_Activity_:
Return the data exactly, with all pictures removed.

_Input data_:
________________________

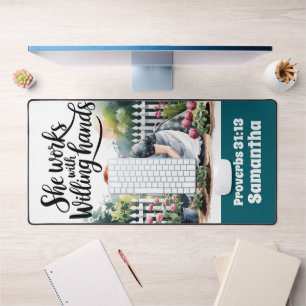Custom She Works mit Willing Hands Christlich Schreibtischunterlage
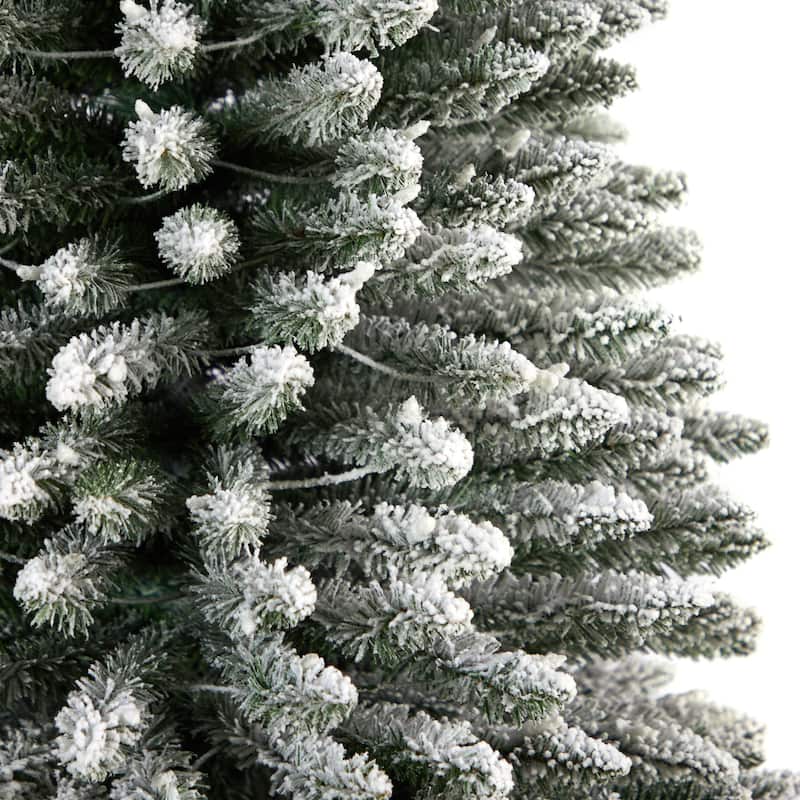 12 Ft Pencil Christmas Tree with Lights - Natural Beauty Artificial Tree, 1000 Clear Lights, Bendable Branches - Green - 144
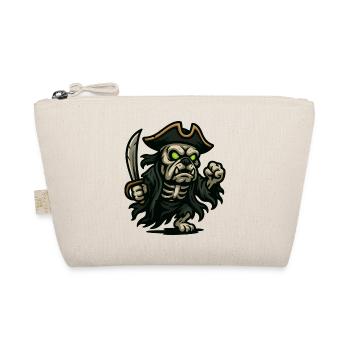 Undead Bulldog Pirate Skeleton Glow Cartoon Art - Organic Pouch - nature - Front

________________________

_Final answer_:
Custom She Works mit Willing Hands Christlich Schreibtischunterlage
 12 Ft Pencil Christmas Tree with Lights - Natural Beauty Artificial Tree, 1000 Clear Lights, Bendable Branches - Green - 144
 Undead Bulldog Pirate Skeleton Glow Cartoon Art - Organic Pouch - nature - Front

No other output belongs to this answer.